1
votes

I'm currently attempting to write a UCUM parser using ANTLR4. My current approach has involved defining every valid unit and prefix as a token.

Here's a very small subset of the defined tokens. I could make a cut-down version of the grammar as an example, but it seems like it shouldn't be necessary to resolve this problem (or to point out that I'm going about this entirely the wrong way).

MILLI_OR_METRE:     'm' ;
OSMOLE:             'osm' ;
MONTH:              'mo' ;
SECOND:             's' ;

One of the standard testcases is mosm, from which the lexer should generate the token stream MILLI_OR_METRE OSMOLE. Unfortunately, because ANTLR preferentially matches longer tokens, it generates the token stream MONTH SECOND MILLI_OR_METRE, which then causes the parser to raise an error.

Is it possible to make an ANTLR4 lexer try to match using shorter tokens first? Adding lookahead-type rules to MONTH isn't a great solution, as there are all sorts of potential lexing conflicts that I'd need to take account of (for example mol being lexed as MONTH LITRE instead of MOLE and so on).

EDIT:

StefanA below is of course correct; this is a job for a parser capable of backtracking (eg. recursive descent, packrat, PEG and probably various others... Coco/R is one reasonable package to do this).
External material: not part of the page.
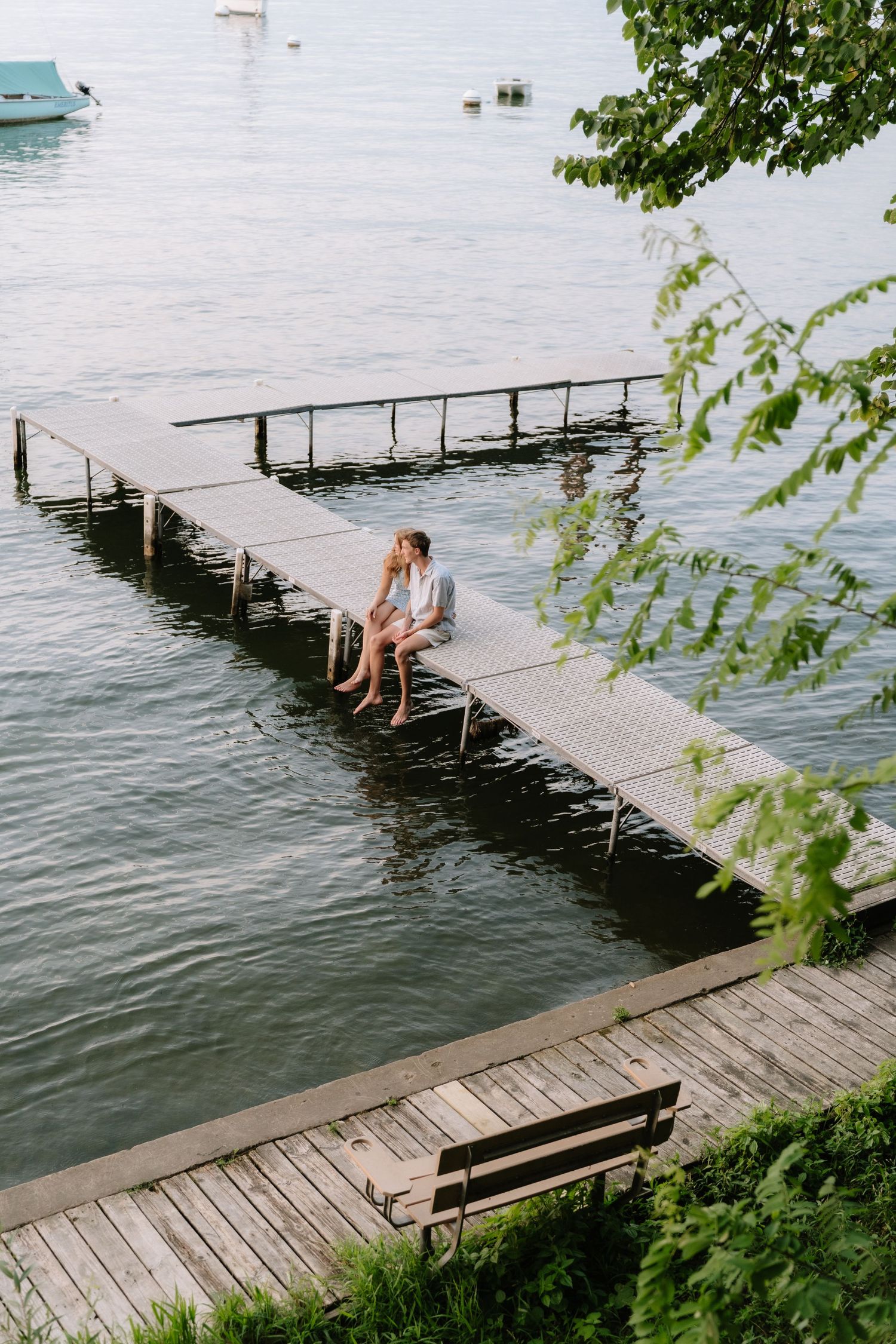 Couple sitting close together on a wooden dock over calm lake water, with a bench and green trees nearby.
In an attempt to avoid adding a dependency on another parser generator (or moving other bits of the project from ANTLR to this new generator) I've hacked my way around the problem like this:

MONTH:  'mo' { _input.La(1) != 's' && _input.La(1) != 'l' && _input.La(1) != '_' }? ;

// (note: this is a C# project; java would use _input.LA instead)

but this isn't really a very extensible or maintainable solution, and like as not will have introduced other subtle issues I've not come across yet.

2

2 Answers

2
votes

Your problem does not require smaller tokens to be preferred (In this case MONTH would never be matched). You need a backtracking behaviour dependent on the text being matched or not. Right?
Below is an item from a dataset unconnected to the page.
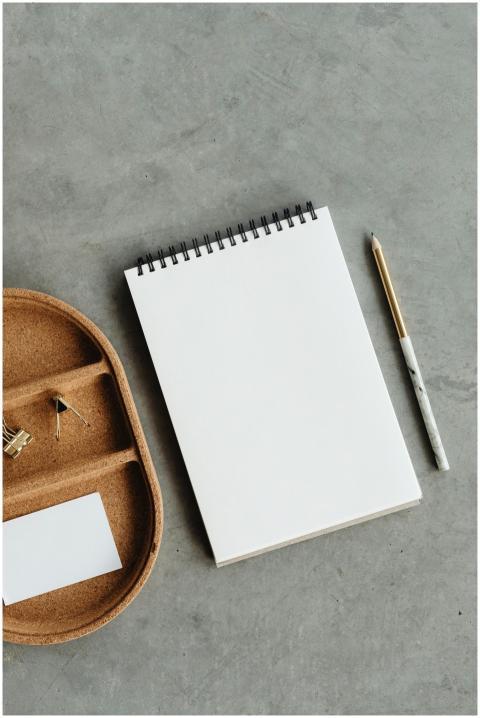 Flat lay of notepad, pencil, and binder clips on a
ANTLR separates tokenization and parsing strictly. Consequently every solution to your problem will seem like a hack.

However other parser generators are specialized on problems like yours. Packrat Parsers (PEG) are backtracking and allow tokenization on the fly. Try out parboiled for this purpose.

0
votes

Appears that the question is not being framed correctly.

I'm currently attempting to write a UCUM parser using ANTLR4. My current approach has involved defining every valid unit and prefix as a token.
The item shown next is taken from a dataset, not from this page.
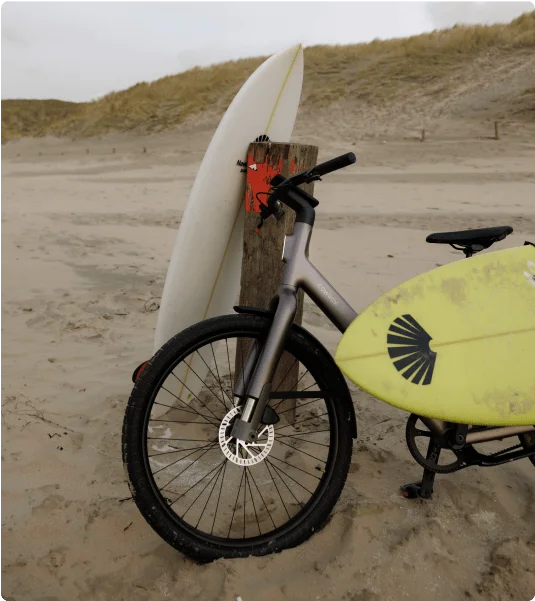 A photograph of a Cross ST carrying a surfboard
But, according to the UCUM:

The expression syntax of The Unified Code for Units of Measure generates an infinite number of codes with the consequence that it is impossible to compile a table of all valid units.

The most to expect from the lexer is an unambiguous identification of the measurement string without regard to its semantic value. Similarly, a parser alone will be unable to validly select between unit sequences like MONTH LITRE and MOLE - both could reasonably apply to a leak rate - unless the problem space is statically constrained in the parser definition.

A heuristic, structural (explicitly identifying the problem space) or contextual (considering the relative nature of other units in the problem space), is most likely required to select the correct unit interpretation.

The best tool to use is the one that puts you in the best position to implement the heuristics necessary to disambiguate the unit strings. Antlr could do it using parse-tree walkers. Whether that is the appropriate approach requires further analysis.